Records to use:
__________________________________________________
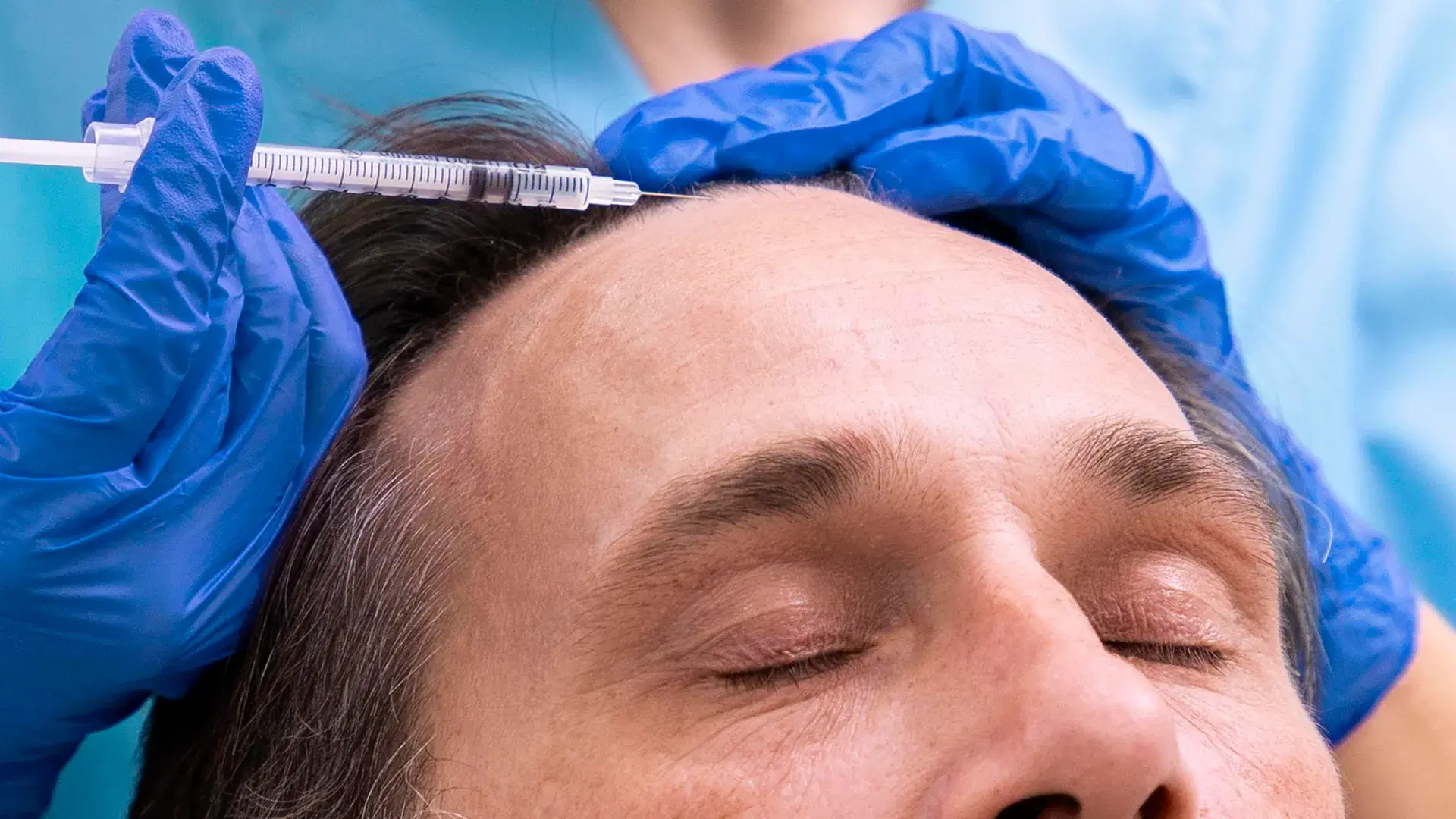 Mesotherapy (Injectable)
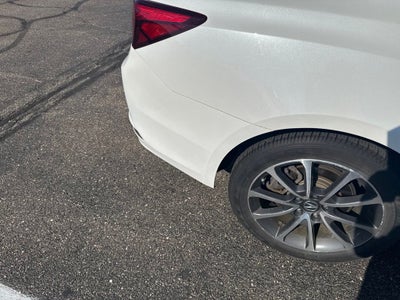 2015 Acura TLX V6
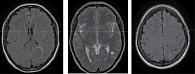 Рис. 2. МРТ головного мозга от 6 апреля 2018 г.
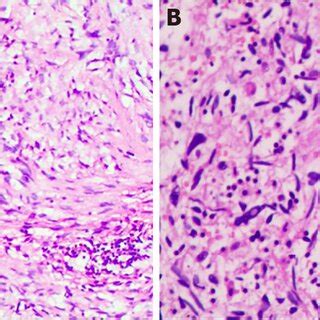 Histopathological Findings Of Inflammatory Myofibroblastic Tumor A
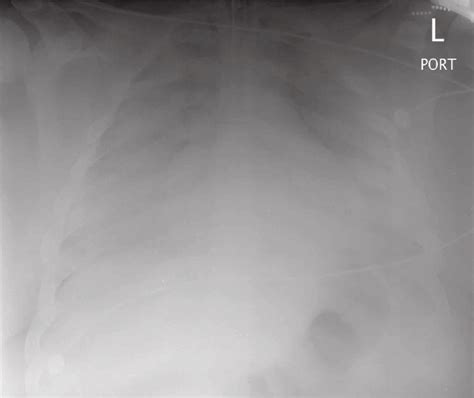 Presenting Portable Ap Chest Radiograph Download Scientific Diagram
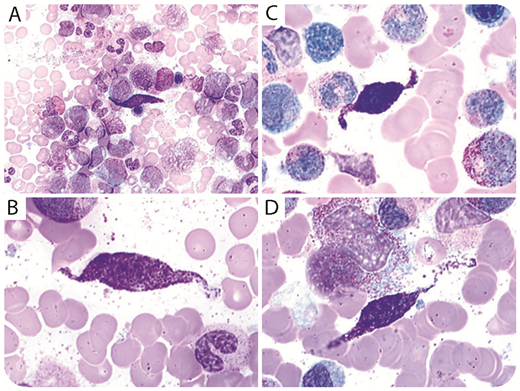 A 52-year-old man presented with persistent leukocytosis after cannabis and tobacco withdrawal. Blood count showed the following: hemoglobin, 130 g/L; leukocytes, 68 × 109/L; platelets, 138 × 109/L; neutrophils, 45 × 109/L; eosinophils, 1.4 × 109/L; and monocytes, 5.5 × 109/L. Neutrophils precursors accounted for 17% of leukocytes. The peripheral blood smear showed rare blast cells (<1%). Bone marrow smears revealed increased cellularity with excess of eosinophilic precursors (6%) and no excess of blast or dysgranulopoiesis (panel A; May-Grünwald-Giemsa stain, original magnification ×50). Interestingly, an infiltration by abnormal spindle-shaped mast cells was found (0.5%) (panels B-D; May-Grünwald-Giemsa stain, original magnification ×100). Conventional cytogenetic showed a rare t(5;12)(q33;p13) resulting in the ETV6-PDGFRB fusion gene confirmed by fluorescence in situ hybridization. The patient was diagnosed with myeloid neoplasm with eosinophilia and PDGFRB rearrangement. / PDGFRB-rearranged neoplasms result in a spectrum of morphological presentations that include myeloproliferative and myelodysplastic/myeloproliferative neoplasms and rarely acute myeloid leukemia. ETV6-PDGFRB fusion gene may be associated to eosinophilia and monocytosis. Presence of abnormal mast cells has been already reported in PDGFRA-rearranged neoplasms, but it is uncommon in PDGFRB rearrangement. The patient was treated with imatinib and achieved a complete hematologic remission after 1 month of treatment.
__________________________________________________
Exercise aim: The answer must match the entries above line for line, with the pictures dropped.

Response box:
 Mesotherapy (Injectable)
 2015 Acura TLX V6
 Рис. 2. МРТ головного мозга от 6 апреля 2018 г.
 Histopathological Findings Of Inflammatory Myofibroblastic Tumor A
 Presenting Portable Ap Chest Radiograph Download Scientific Diagram
 A 52-year-old man presented with persistent leukocytosis after cannabis and tobacco withdrawal. Blood count showed the following: hemoglobin, 130 g/L; leukocytes, 68 × 109/L; platelets, 138 × 109/L; neutrophils, 45 × 109/L; eosinophils, 1.4 × 109/L; and monocytes, 5.5 × 109/L. Neutrophils precursors accounted for 17% of leukocytes. The peripheral blood smear showed rare blast cells (<1%). Bone marrow smears revealed increased cellularity with excess of eosinophilic precursors (6%) and no excess of blast or dysgranulopoiesis (panel A; May-Grünwald-Giemsa stain, original magnification ×50). Interestingly, an infiltration by abnormal spindle-shaped mast cells was found (0.5%) (panels B-D; May-Grünwald-Giemsa stain, original magnification ×100). Conventional cytogenetic showed a rare t(5;12)(q33;p13) resulting in the ETV6-PDGFRB fusion gene confirmed by fluorescence in situ hybridization. The patient was diagnosed with myeloid neoplasm with eosinophilia and PDGFRB rearrangement. / PDGFRB-rearranged neoplasms result in a spectrum of morphological presentations that include myeloproliferative and myelodysplastic/myeloproliferative neoplasms and rarely acute myeloid leukemia. ETV6-PDGFRB fusion gene may be associated to eosinophilia and monocytosis. Presence of abnormal mast cells has been already reported in PDGFRA-rearranged neoplasms, but it is uncommon in PDGFRB rearrangement. The patient was treated with imatinib and achieved a complete hematologic remission after 1 month of treatment.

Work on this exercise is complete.